Das schwierige Spannungsfeld zwischen Realität, Dokumentarfilm, Fiktion und Zuschauerwünschen erläuterten Gerwin Dahm und Michael Gregor, die Produzenten und Regisseure des Films. Kurze, eindrucksvolle Filmausschnitte waren bereits zu sehen. Da man natürlich bei der eigentlichen Ausgrabung und Bergung des Fundes nicht habe dabei sein können, wurde dies nachgestellt – perfekter, dramatischer als in Realität. In den wesentlichen Dingen aber nicht falscher. Natürlich rückt zu einer archäologischen Bergung in der Regel kein Katastropheneinsatzzug des THW Merseburg aus, und gegraben wird auch nichts nachts. Aber die so erzeugten Bilder sind ein Zugeständnis an die Sehgewohnheiten des Publikums.

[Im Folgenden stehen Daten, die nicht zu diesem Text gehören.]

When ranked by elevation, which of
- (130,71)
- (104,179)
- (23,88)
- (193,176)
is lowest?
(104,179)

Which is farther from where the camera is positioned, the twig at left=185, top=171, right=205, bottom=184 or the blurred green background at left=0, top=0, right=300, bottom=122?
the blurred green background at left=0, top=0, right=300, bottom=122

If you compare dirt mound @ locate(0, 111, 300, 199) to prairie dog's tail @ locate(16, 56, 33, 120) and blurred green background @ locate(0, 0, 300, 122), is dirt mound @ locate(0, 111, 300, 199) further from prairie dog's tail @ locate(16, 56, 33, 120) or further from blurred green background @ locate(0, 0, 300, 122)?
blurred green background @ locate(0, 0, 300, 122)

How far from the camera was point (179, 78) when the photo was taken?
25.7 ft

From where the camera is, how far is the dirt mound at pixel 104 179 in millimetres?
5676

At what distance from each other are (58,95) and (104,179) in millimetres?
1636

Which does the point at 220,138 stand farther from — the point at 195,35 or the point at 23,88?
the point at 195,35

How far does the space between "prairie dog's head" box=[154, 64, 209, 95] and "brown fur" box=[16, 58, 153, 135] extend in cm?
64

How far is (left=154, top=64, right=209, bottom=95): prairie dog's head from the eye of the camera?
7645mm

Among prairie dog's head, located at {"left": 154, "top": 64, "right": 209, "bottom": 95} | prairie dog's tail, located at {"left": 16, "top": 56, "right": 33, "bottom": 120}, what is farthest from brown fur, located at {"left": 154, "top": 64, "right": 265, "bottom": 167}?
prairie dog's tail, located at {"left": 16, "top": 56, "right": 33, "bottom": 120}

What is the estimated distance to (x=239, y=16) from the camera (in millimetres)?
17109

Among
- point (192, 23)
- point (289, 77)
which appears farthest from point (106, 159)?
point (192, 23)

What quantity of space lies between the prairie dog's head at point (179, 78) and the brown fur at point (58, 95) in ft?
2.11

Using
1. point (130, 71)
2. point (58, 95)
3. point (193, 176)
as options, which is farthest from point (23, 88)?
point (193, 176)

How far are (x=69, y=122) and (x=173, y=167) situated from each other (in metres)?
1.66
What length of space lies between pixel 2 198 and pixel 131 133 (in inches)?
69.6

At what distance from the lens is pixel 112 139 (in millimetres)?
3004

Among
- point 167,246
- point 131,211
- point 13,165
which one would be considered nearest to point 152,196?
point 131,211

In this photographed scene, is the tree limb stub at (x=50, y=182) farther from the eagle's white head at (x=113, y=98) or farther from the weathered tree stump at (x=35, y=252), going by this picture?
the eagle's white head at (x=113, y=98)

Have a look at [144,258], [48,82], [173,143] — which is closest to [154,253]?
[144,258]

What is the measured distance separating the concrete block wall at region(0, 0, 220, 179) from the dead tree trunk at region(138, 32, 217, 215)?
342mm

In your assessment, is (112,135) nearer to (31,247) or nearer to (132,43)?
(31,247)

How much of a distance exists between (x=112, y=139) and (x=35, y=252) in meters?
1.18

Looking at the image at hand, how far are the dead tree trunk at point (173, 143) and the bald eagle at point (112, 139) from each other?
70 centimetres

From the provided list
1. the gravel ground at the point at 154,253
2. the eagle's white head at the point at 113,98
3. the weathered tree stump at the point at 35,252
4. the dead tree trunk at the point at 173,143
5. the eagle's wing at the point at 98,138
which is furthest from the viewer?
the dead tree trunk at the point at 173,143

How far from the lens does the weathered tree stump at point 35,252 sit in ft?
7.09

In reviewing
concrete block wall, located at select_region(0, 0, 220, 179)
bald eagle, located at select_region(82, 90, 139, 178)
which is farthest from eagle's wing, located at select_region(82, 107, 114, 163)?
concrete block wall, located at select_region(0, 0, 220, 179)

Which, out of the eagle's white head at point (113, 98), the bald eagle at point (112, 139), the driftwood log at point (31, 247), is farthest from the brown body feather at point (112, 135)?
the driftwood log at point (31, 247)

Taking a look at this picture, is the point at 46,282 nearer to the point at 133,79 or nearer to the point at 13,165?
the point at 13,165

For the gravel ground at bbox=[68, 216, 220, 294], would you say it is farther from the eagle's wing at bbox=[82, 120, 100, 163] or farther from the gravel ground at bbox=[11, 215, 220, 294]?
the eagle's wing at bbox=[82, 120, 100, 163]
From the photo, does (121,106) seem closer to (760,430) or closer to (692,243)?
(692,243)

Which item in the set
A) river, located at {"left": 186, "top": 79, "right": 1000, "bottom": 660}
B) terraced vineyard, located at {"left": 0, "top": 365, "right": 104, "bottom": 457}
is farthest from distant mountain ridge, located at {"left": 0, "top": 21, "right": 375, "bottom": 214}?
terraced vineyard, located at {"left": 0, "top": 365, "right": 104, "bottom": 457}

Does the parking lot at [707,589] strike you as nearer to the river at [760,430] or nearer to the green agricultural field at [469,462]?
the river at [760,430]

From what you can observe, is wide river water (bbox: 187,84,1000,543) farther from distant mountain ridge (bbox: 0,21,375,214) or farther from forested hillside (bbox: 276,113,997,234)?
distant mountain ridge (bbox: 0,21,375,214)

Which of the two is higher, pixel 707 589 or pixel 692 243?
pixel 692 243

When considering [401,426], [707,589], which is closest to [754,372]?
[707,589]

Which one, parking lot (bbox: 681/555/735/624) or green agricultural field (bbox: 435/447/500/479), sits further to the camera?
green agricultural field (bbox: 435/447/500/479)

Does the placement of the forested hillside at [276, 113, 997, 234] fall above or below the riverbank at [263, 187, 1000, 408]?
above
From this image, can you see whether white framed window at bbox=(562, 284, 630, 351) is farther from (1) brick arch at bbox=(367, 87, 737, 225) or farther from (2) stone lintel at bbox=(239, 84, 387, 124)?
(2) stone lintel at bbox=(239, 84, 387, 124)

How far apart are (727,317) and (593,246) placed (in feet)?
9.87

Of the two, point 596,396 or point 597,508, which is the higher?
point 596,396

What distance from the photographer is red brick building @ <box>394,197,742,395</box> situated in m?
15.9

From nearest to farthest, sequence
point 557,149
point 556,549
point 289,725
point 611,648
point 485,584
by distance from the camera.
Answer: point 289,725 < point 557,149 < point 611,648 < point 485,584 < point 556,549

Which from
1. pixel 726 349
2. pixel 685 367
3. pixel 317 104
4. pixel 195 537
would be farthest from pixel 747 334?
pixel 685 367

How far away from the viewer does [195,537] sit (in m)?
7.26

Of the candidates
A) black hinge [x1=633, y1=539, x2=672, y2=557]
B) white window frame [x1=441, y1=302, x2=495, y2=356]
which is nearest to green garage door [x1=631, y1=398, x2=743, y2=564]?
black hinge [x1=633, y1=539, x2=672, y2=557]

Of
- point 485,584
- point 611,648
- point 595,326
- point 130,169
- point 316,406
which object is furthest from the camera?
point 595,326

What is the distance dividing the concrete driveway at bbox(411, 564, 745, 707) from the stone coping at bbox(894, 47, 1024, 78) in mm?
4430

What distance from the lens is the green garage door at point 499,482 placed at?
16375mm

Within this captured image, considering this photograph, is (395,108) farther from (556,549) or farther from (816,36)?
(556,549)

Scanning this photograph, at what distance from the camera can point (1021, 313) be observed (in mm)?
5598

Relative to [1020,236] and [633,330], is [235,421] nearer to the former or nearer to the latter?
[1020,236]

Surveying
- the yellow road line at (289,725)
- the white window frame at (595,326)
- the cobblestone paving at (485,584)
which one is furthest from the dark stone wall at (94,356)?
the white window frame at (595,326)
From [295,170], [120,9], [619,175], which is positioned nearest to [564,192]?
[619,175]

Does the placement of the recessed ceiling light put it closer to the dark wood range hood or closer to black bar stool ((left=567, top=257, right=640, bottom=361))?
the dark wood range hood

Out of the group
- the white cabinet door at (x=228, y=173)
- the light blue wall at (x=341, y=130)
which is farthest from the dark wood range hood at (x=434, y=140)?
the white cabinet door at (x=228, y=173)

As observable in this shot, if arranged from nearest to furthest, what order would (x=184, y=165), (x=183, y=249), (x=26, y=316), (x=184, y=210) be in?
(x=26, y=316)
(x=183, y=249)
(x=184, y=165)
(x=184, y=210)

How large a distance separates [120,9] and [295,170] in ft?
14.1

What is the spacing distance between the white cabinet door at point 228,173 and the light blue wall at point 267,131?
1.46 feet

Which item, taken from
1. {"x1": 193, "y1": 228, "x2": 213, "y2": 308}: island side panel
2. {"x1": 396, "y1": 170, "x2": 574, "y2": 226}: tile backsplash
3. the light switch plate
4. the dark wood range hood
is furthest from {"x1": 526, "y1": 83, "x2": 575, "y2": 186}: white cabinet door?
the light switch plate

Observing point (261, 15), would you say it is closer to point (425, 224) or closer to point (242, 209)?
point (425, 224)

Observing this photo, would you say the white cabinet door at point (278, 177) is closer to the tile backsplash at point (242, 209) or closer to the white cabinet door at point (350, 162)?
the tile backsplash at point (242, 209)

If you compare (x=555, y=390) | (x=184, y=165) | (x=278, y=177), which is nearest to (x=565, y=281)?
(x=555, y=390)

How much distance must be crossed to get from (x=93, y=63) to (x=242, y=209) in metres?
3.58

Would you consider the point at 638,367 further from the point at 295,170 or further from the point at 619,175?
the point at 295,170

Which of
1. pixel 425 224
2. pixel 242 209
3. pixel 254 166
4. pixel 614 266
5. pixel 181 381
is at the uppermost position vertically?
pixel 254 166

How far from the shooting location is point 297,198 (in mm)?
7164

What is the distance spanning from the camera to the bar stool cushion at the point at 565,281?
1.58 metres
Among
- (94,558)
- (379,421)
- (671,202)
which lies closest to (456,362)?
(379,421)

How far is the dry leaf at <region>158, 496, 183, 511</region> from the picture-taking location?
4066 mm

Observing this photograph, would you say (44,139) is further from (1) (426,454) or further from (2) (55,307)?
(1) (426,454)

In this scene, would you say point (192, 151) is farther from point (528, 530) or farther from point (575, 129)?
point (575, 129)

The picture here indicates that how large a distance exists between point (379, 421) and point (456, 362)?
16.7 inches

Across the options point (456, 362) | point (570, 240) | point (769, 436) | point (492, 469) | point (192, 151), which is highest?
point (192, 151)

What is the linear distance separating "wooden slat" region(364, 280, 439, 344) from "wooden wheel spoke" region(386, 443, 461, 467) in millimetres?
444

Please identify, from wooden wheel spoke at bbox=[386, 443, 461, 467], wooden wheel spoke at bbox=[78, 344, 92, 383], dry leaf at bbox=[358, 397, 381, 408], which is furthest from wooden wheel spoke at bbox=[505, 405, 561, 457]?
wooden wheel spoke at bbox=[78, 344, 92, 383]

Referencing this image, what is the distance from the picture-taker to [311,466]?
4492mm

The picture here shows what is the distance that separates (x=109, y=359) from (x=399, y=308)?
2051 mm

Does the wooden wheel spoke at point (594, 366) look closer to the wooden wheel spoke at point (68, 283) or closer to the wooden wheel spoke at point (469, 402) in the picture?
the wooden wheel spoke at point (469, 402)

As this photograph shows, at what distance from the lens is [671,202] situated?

Und dass der Film sich auch für das ZDF wirtschaftlich lohnt wird, ist sich ZDF-Redakteur Klaus Heckenhahn sicher. Trotz der nicht unerheblichen Kosten von ca. 300.000,- Euro. Mit der hohen Qualität hoffe man sich, selbst der BBC Konkurrenz machen und den Film auch im europäischen Ausland erfolgreich verkaufen zu können.